Take a look at the output for our **`sat_average`** series and **`college_scorecard`** dataframe.

In [None]:
sat_averages.describe()

In [None]:
college_scorecard.describe()

### Tweaking `describe()` behavior with `include` and `exclude` parameters.
When used on a **`DataFrame`** object, the default behavior of the **`describe()`** method is to provide statistics on numeric columns only.

Let's take a look at the **`dtypes`** attribute on our college_scorecard dataframe to see what columns this does/doesn't include.

In [None]:
college_scorecard.dtypes

See all the places where it lists the datatype of a column as 'object'? These columns won't be reported on with the **`describe()`** method when using the default parameters.

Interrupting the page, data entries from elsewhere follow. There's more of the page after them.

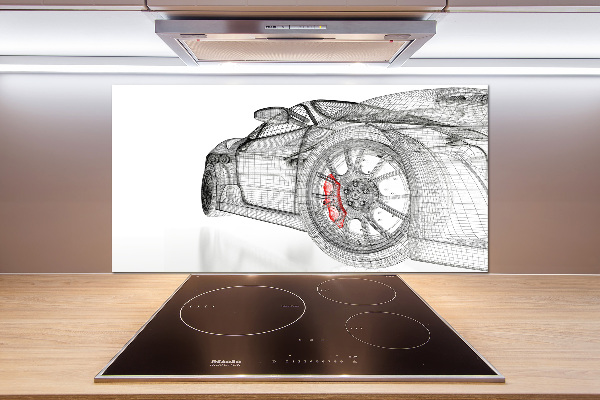 Rivestimento parete cucina rete per protezione o trasporto auto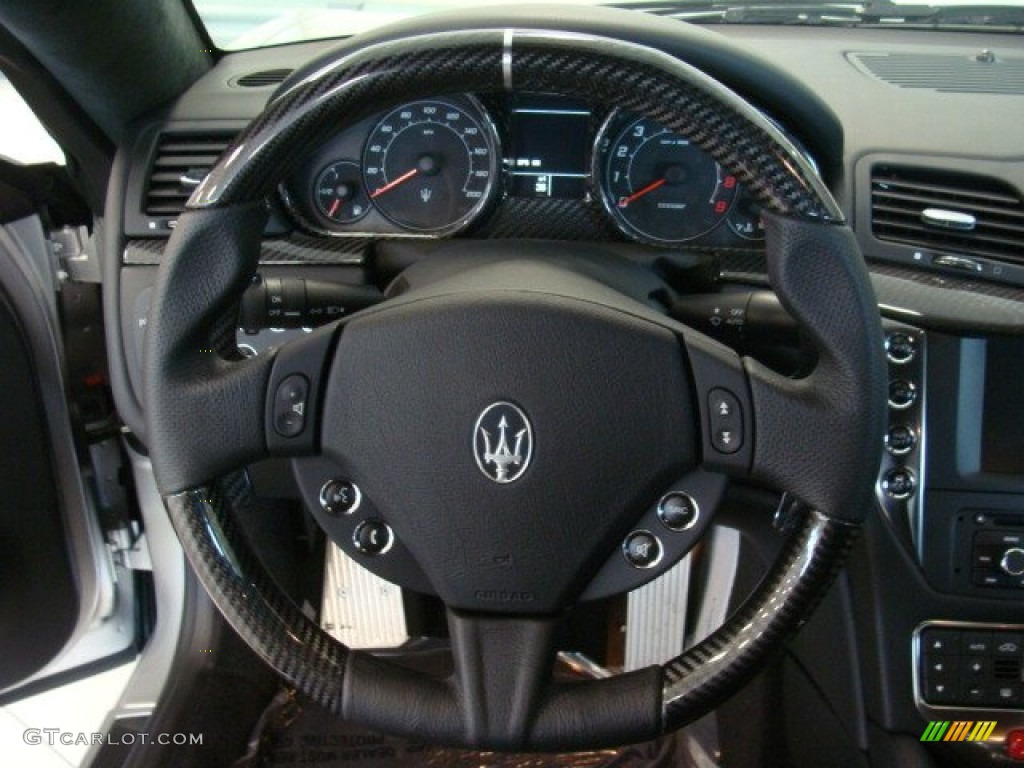 2013 Maserati GranTurismo MC Coupe Nero Steering Wheel Photo #76651362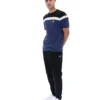 Camiseta «Aiden» de Fila en azul marino con corte y costura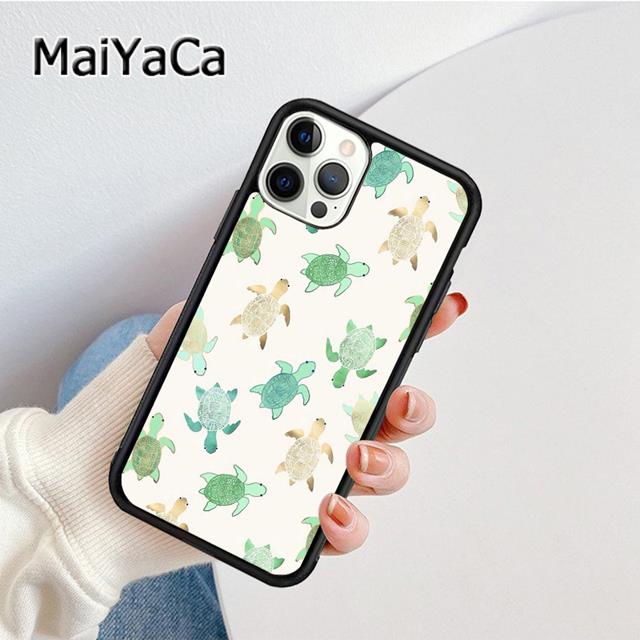 

MaiYaCa Watercolour SE2020a Turtle Pattern Phone Case Cover For iPhone 17 Air 16 16e 15 plus 11 12 13 14 pro max iPhone 11pro max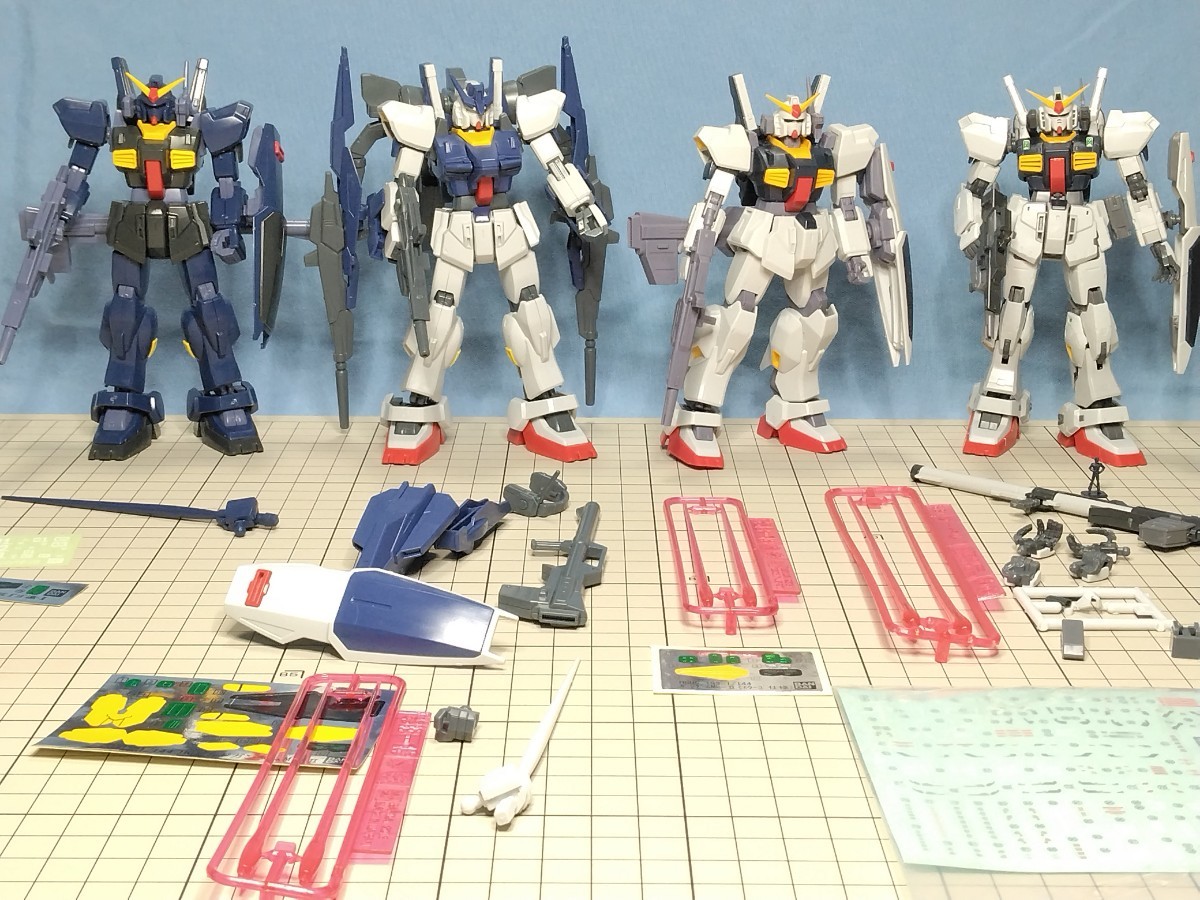 □ ガンプラ ガンダムMk-2,リック・ディアスほか 8機＋2セット RG 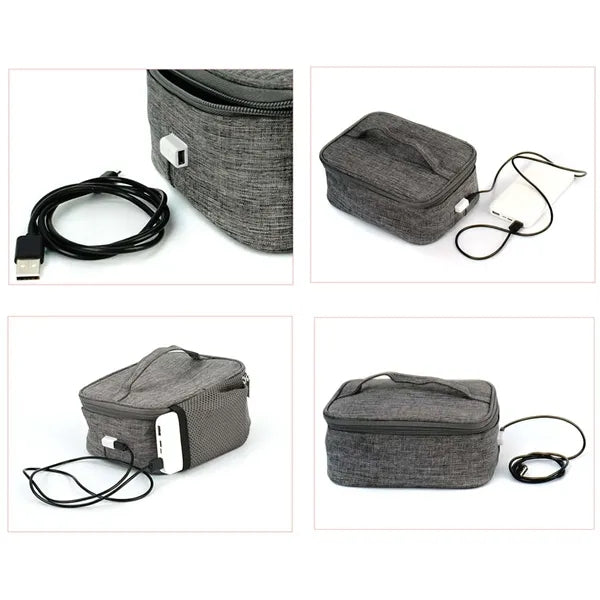 Mini portable heater oxford lunch bag for office school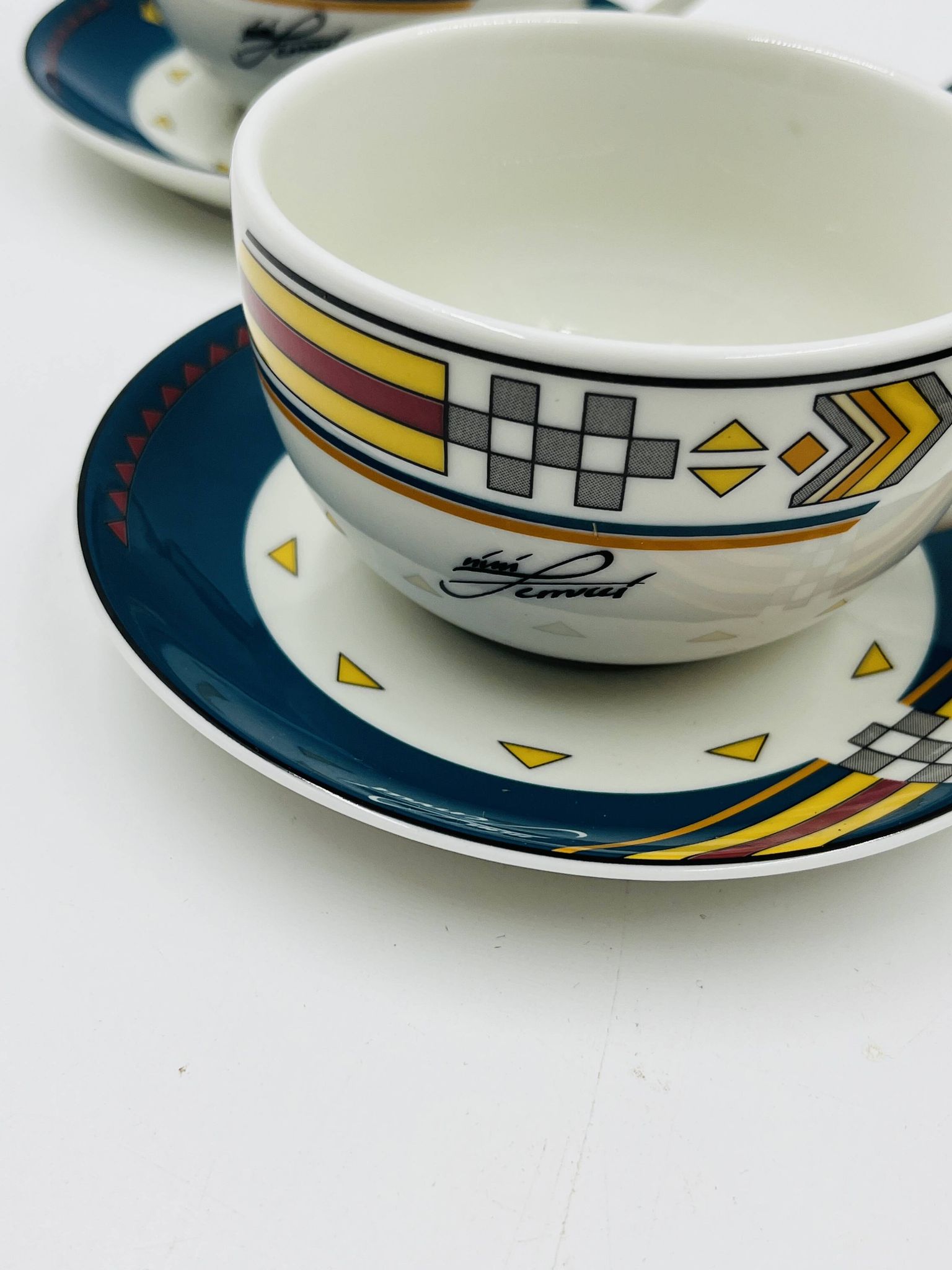 Lot de 4 tasses de designer Royal Mosa Ravenne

We can change this using either the **`include`** or the **`exclude`** parameters:

In [None]:
# Include the object datatype columns
college_scorecard.describe(include=[np.object])

In [None]:
# Exclude the numeric datatypes
college_scorecard.describe(exclude=[np.number])

There are two things here that are important to notice:
1. The type of statistics returned changed when operating on **`object`** column types.
2. I used NumPy datatypes in the specification of what to include and exclude. While you could do it other ways, this is the recommendation of *pandas* itself.

Finally, you can specify **`include='all'`** to force Pandas to evaluate all columns.  It will inject `NaN` where
a calculation cannot be done.

In [None]:
college_scorecard.describe(include='all')